To get a feel for that, I did a proof of concept that you can try out:

=> https://github.com/kconner/gemini-subscription-cli Proof of Concept

This repository contains a Makefile and a shell script. The script takes
a list of Gemini URLs to fetch, which are expected to be Gemtext pages.
It filters them down to just the link lines. It compares the set of link
lines with a previously-fetched set of link lines, and it identifies and
emits those that are new.
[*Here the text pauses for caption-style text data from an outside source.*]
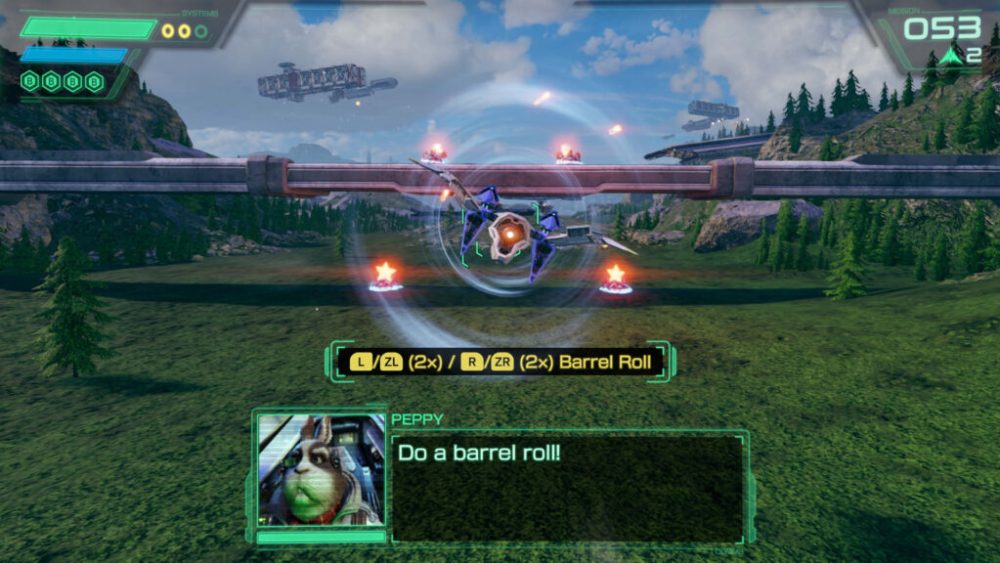 Star Fox // Source : Nintendo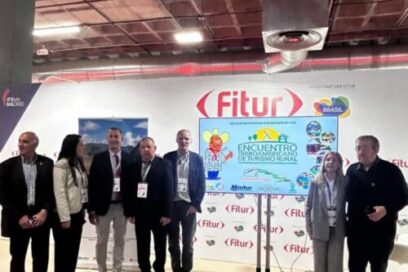 Cuba presenta en España programa de Encuentro Iberoamericano de Turismo Rural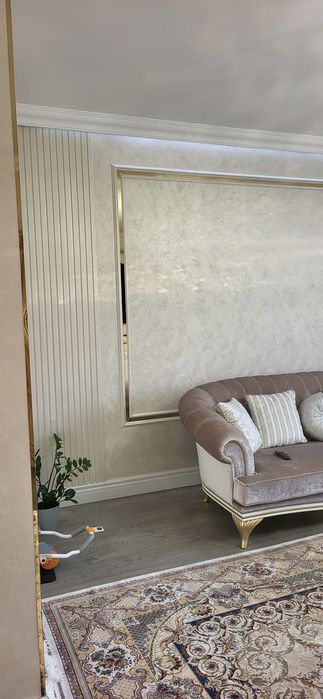 Декоративные штукатурка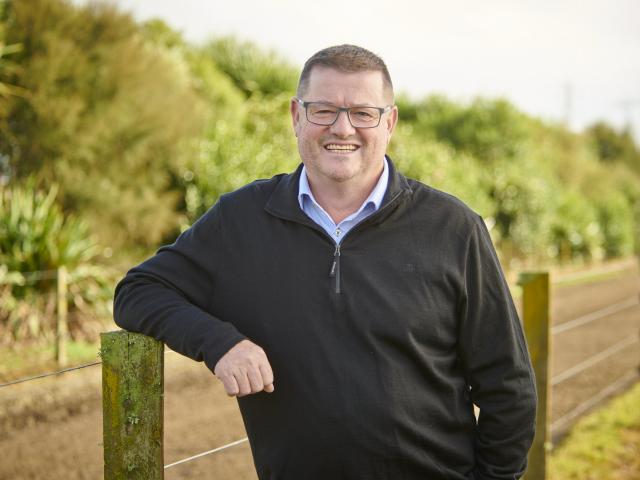 DairyNZ chief executive Campbell Parker. Photo: supplied

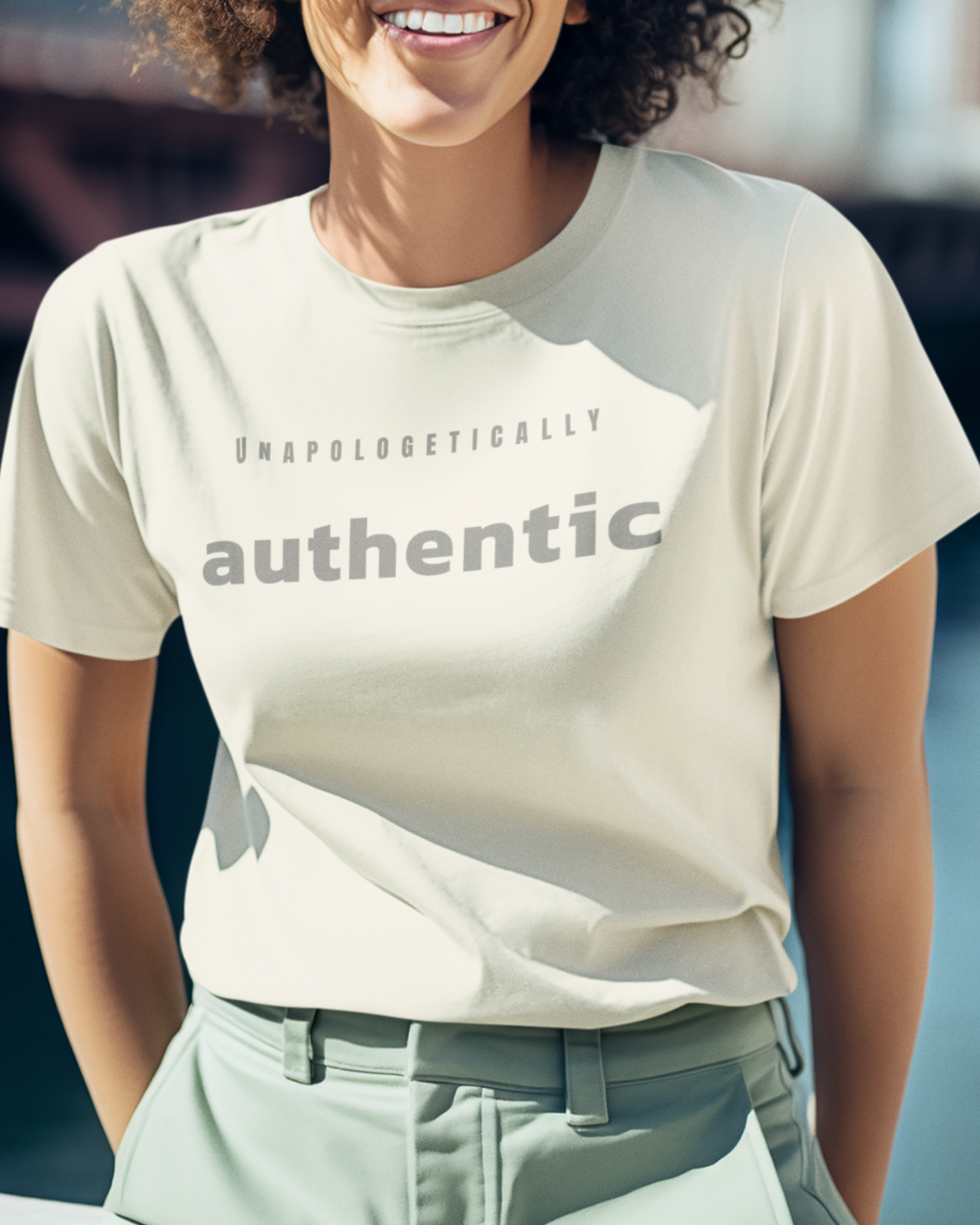 Authentic Unisex T-Shirts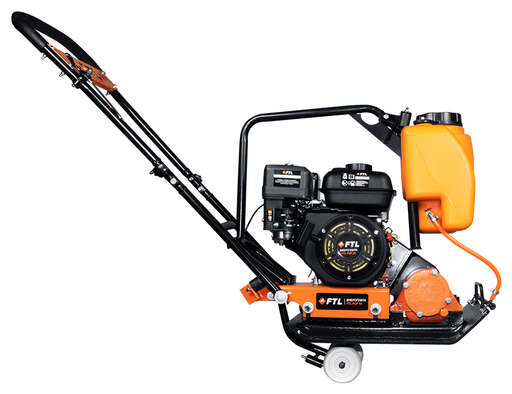 Изображение для Виброплита Foxweld FTL PCF 70 (6.5 лс) 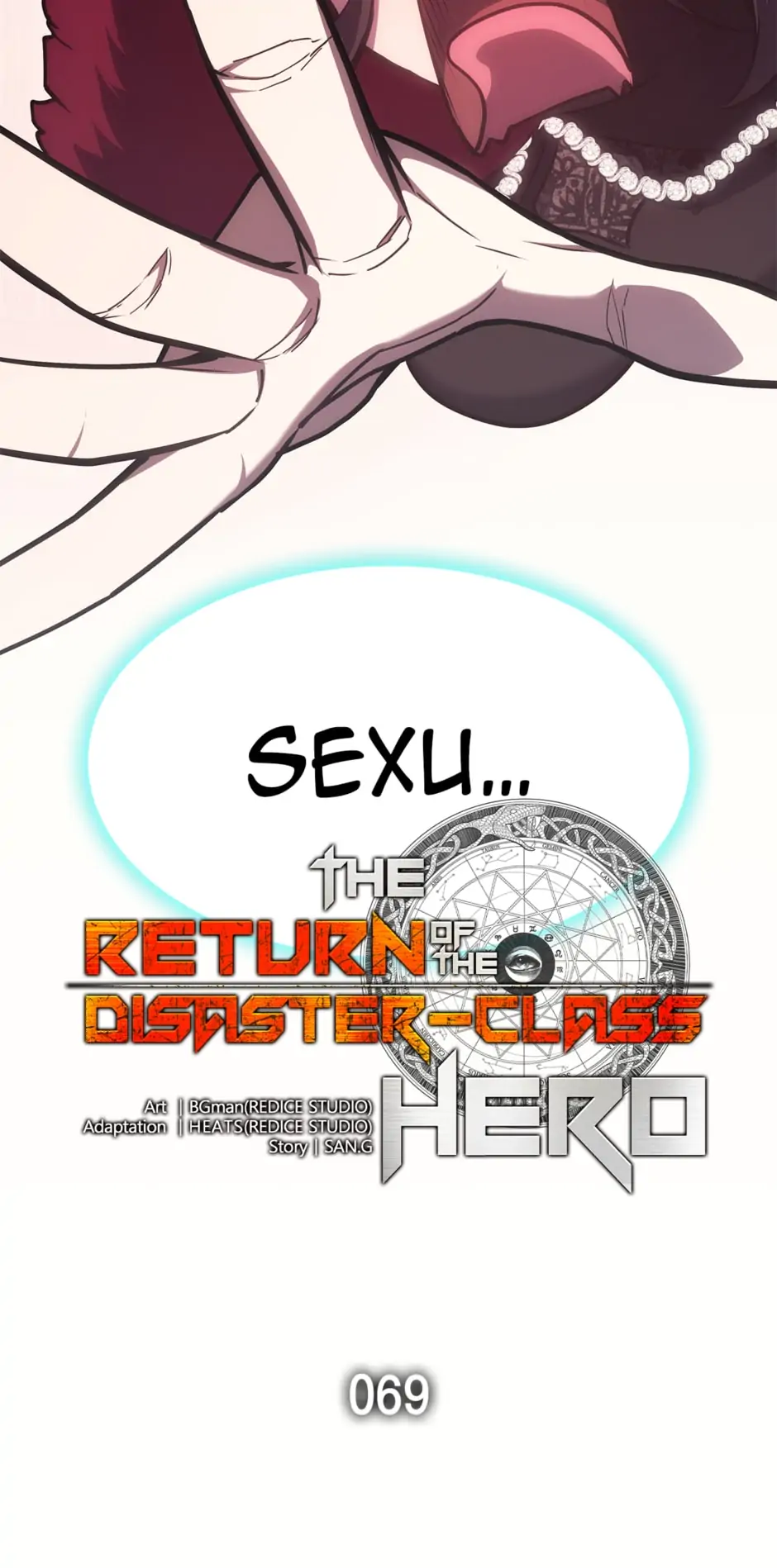Read The Return of the Disaster-Class Hero EN Manga Online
It saves the new total set as the next run's
previous set for comparison.

If you want, you can clone the repo and then try it out.

Subscribe to some pages:

$ echo 'gemini://gemini.circumlunar.space:1965/servers/' >> subscribed-urls
$ echo 'gemini://tilde.team/~easeout/glog/' >> subscribed-urls

Fetch all the links, since we don't have a prior set to compare to:

$ make
fetched: gemini://gemini.circumlunar.space:1965/servers/                   

fetched: gemini://tilde.team/~easeout/glog/                                

wrote: new-links.gmi                                                       

=> gemini://gus.guru/known-hosts Gemini hosts known to GUS                 

=> gemini://gemini.conman.org                                              

=> gemini://zaibatsu.circumlunar.space                                     

=> gemini://carcosa.net                                                    

?

Later, update again and identify what's new. (To test right away, you
can delete a few lines from cached-links.gmi.)

$ make
fetched: gemini://gemini.circumlunar.space:1965/servers/
fetched: gemini://tilde.team/~easeout/glog/
wrote: new-links.gmi
=> gemini://breadpunk.club
=> 2020-09-07-re-a-wordpress-confession.gmi 7 September 2020: Re: A Wordpress Confession

# Where does this functionality belong?

This proof of concept demonstrates that any Gemini page can already be
treated like a feed. This means that, if you don't mind not
participating in the broader internet feed reader ecosystem, and you
don't mind the occasional page redesign creating noise in subscription
results, you don't have to make a feed file at all. Syndication is
zero-cost.

In hindsight, why does RSS exist? What is "Really Simple" about it?
Well, it's simpler than HTML. If HTML was easy enough to parse, you
could just subscribe to web pages and not need feed files. But Gemtext
is already easy to parse. We don't our experience on the web to mislead
us into thinking a page, like your blog index page, is not already a
subscribable list of links.

It's been pointed out this is not very different from Spacewalk, which
(I think?) works by just polling Gemini pages and updating when they
change, as opposed to when their links change. Both of these are useful
and easy ways to subscribe to any Gemtext page.

# Closing

Gemtext authors could feel like they are not burdened with creating a
feed file if browsers, feed readers, and aggregators allowed subscribing
to Gemtext pages directly. When as an author you understand that a feed
file is unnecessary, the pressure to create a feed file is lifted. But
for that to happen, you have to see direct Gemtext subscription working
in the wild. One way that could work is for a browser to have a way to
treat a bookmark like a feed subscription. I also think if CAPCOM would
accept Gemtext pages as a feed URL option, that would go a long way.